I traveled to Reno last week to participate in the bi-annual conference of the American Association of School Librarians. The conference theme was “The Future Begins at Your Library.” In support of that theme, I offered a presentation titled “Library 2.0: Speaking the Language of the Millennials.” This presentation addresses the need for libraries to understand the attributes and expectations of their “Millennial” (individuals born since 1981) users, and to transform their traditional services in order to better meet those needs.

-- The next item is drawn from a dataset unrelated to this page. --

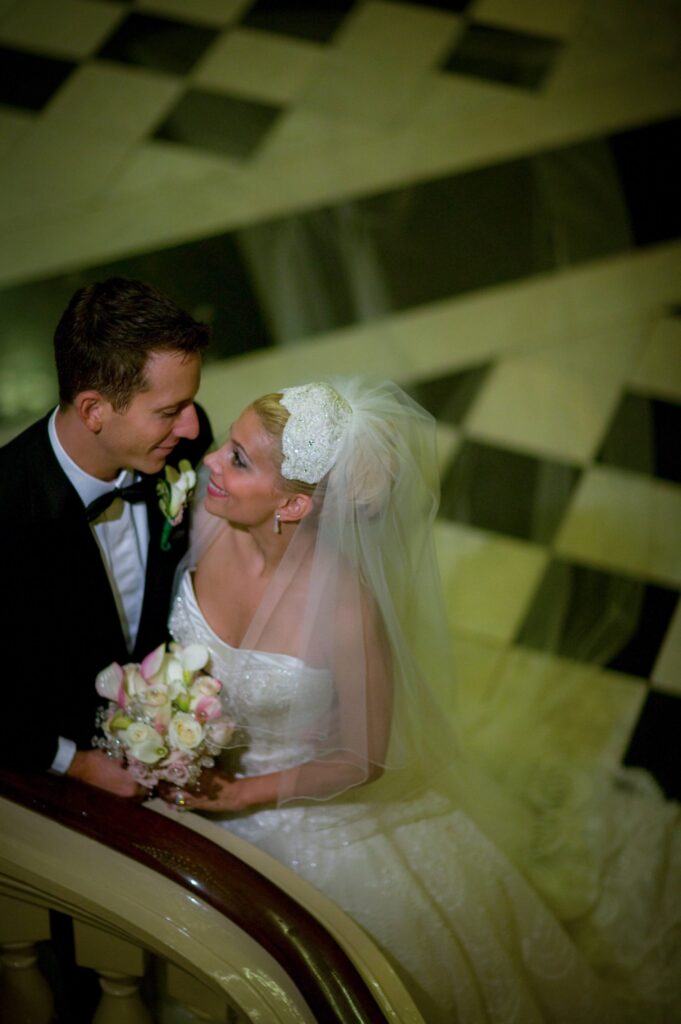 bride and groom looking at each other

In my remarks I cite a decade of brain research which concludes that the physical structures of the brains of “digital natives” have been altered by the kinds of stimulation they received during the period of most active brain development. I also discuss survey research which suggests that members of this group tend to believe that they can fully meet their information needs using Google. However, an information literacy assessment of all incoming PA students last year pointed out serious deficiencies in the abilities of these students to identify, find, and use information creatively, competently, and ethically. The presentation thus frames the dilemma for libraries as a “language barrier.” Our student users have confidence in their technology competence, while the data show conclusively that they do not possess the information literacy needed to support lifelong learning in the 21st century. The balance of the presentation describes ways in which the OWHL has adopted “Library 2.0” tools and approaches to overcome this language barrier. The essence of the presentation, and of the approach of the Oliver Wendell Holmes Library, is that Library 2.0 requires continuous evaluation and user-centered change. In the spirit of Web 2.0, the presentation is available on SlideShare.